We pulled the price history data for BRK and XLK (S&P 500 Tech) and, whether you are looking at 5-, 10-, 15- or 20-year price returns, large cap US tech has always outperformed Berkshire Hathaway:
- Last 5 years: Tech outperformed by 58 percentage points. XLK is up 122 percent over this time span, and BRK is up 64 percent.
- Last 10 years: Tech outperformed by 188 percentage points. XLK is up 382 percent, and BRK is up 194 percent.
- Last 15 years: Tech outperformed by 239 percentage points. XLK is up 513 percent, and BRK is up 274 percent.
- Last 20 years: Tech outperformed by 275 percentage points. XLK is up 842 percent, and BRK is up 567 percent.
To put some context around these numbers, if you had invested $10,000 in US large cap tech 20 years ago you would have $94,200 today even before adding in the effect of dividend reinvestment. The same $10,000 in Berkshire would yield $66,700, 29 percent less than the investment in XLK, and BRK does not pay a dividend.
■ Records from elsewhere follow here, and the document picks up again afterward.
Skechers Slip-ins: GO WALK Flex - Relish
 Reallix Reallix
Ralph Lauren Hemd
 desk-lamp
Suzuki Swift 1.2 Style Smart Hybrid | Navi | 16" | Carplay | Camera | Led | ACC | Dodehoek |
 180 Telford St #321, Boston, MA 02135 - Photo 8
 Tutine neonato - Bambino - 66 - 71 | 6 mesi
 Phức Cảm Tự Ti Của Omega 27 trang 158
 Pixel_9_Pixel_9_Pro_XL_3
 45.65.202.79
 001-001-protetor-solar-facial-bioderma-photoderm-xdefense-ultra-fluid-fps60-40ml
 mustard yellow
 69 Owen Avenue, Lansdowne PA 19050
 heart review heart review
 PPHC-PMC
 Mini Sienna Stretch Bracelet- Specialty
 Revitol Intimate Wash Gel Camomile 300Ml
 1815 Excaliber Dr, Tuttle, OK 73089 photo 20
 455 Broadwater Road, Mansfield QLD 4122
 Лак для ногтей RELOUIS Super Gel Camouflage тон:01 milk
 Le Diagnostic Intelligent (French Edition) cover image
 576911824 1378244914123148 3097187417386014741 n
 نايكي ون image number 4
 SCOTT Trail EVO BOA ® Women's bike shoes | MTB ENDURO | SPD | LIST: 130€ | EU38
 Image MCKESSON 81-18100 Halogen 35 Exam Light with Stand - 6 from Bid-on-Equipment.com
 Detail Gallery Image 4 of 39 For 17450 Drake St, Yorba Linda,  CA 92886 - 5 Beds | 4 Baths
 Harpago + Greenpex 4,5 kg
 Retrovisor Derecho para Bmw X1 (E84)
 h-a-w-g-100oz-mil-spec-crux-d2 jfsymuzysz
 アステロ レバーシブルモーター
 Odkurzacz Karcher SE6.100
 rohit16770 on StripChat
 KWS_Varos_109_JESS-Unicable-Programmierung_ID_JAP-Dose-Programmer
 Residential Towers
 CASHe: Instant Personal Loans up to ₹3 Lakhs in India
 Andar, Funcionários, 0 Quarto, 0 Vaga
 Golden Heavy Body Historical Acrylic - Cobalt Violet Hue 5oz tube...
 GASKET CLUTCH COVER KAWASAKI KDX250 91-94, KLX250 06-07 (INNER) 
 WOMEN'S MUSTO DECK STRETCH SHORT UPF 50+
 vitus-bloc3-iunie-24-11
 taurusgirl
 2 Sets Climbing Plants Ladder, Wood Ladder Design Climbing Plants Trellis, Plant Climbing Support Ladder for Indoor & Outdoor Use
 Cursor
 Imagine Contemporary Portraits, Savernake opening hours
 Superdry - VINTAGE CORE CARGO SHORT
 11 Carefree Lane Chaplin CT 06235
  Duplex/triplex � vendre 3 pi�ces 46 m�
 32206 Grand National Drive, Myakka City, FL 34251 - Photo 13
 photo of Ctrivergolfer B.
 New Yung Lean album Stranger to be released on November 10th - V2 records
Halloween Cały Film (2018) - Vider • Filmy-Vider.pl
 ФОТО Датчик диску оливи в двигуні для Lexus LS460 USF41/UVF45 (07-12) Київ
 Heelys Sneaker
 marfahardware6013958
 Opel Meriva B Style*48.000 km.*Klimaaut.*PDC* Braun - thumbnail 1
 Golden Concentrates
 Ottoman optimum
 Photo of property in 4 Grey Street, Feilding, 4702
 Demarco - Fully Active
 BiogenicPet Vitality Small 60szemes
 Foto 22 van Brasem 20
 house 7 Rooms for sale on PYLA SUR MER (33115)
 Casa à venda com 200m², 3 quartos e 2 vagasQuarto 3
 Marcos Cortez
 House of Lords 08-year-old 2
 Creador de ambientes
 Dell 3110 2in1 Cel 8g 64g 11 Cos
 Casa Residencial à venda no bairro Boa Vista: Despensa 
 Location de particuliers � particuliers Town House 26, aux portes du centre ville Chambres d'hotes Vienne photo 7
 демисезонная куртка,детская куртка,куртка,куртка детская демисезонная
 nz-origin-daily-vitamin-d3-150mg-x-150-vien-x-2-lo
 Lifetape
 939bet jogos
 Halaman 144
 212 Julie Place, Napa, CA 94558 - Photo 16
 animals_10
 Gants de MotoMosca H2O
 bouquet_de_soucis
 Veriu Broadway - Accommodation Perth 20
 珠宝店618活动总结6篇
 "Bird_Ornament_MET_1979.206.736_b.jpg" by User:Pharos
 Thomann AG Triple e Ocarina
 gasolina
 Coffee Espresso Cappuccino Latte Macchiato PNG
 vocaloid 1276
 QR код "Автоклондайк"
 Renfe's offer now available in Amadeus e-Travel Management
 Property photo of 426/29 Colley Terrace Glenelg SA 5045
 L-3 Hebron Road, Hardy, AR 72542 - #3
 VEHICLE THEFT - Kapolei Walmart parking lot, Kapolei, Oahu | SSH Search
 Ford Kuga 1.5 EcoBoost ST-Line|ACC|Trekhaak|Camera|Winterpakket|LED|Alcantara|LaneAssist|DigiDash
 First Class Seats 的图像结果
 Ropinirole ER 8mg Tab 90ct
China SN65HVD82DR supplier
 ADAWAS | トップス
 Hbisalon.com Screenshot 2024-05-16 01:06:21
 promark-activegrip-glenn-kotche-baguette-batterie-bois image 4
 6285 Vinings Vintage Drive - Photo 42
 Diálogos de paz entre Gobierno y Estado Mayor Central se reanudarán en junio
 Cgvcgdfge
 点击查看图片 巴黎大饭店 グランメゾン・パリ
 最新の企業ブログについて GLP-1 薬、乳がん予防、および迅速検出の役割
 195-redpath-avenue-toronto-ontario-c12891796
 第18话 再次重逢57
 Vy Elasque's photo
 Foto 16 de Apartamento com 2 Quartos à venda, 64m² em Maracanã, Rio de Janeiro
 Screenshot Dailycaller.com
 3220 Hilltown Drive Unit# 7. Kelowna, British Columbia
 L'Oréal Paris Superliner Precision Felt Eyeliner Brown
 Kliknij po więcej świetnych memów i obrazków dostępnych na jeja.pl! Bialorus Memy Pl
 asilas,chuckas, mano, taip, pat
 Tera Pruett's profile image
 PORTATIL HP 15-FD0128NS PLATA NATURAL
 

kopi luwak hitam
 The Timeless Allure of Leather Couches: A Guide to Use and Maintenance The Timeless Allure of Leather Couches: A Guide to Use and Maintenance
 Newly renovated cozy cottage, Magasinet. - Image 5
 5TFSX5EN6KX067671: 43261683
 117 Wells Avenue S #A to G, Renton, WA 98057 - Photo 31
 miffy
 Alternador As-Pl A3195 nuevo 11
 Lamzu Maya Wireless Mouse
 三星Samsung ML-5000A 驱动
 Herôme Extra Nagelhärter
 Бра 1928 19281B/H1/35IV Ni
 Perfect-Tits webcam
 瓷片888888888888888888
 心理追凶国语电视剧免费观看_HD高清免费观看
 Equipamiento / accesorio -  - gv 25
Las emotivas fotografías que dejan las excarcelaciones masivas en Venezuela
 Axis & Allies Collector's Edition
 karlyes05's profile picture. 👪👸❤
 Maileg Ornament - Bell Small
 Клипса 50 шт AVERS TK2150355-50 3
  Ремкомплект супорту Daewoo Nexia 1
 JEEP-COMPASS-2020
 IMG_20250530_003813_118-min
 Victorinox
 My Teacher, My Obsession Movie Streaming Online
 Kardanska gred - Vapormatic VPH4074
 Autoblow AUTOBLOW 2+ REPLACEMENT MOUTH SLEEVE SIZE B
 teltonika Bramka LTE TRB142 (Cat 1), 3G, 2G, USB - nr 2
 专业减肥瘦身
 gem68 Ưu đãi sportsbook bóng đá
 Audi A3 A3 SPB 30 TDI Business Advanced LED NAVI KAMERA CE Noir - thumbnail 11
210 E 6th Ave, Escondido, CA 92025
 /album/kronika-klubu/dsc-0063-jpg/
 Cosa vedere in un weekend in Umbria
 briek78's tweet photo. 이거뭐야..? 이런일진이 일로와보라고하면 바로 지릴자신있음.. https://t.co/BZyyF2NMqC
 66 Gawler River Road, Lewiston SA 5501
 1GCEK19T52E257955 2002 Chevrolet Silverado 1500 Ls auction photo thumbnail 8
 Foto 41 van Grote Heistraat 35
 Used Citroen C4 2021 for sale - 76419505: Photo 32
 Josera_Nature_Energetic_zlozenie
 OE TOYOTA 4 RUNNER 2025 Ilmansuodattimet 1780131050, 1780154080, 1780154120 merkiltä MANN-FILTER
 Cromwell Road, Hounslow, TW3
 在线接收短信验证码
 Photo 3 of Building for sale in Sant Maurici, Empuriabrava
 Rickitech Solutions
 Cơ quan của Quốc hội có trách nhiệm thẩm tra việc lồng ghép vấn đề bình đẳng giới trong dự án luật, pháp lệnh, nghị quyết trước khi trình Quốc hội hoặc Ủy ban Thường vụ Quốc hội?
Now, there are periods where Berkshire absolutely does outperform US large cap Tech. The chart below shows the relative 1-year trailing return between BRK and XLK from 2010 to the present. When the blue line is above the x axis, Berkshire’s price return has exceeded that of the S&P 500 Tech sector by the number of percentage points noted in the y axis. When the line is below the x axis, Tech has outperformed over the prior year.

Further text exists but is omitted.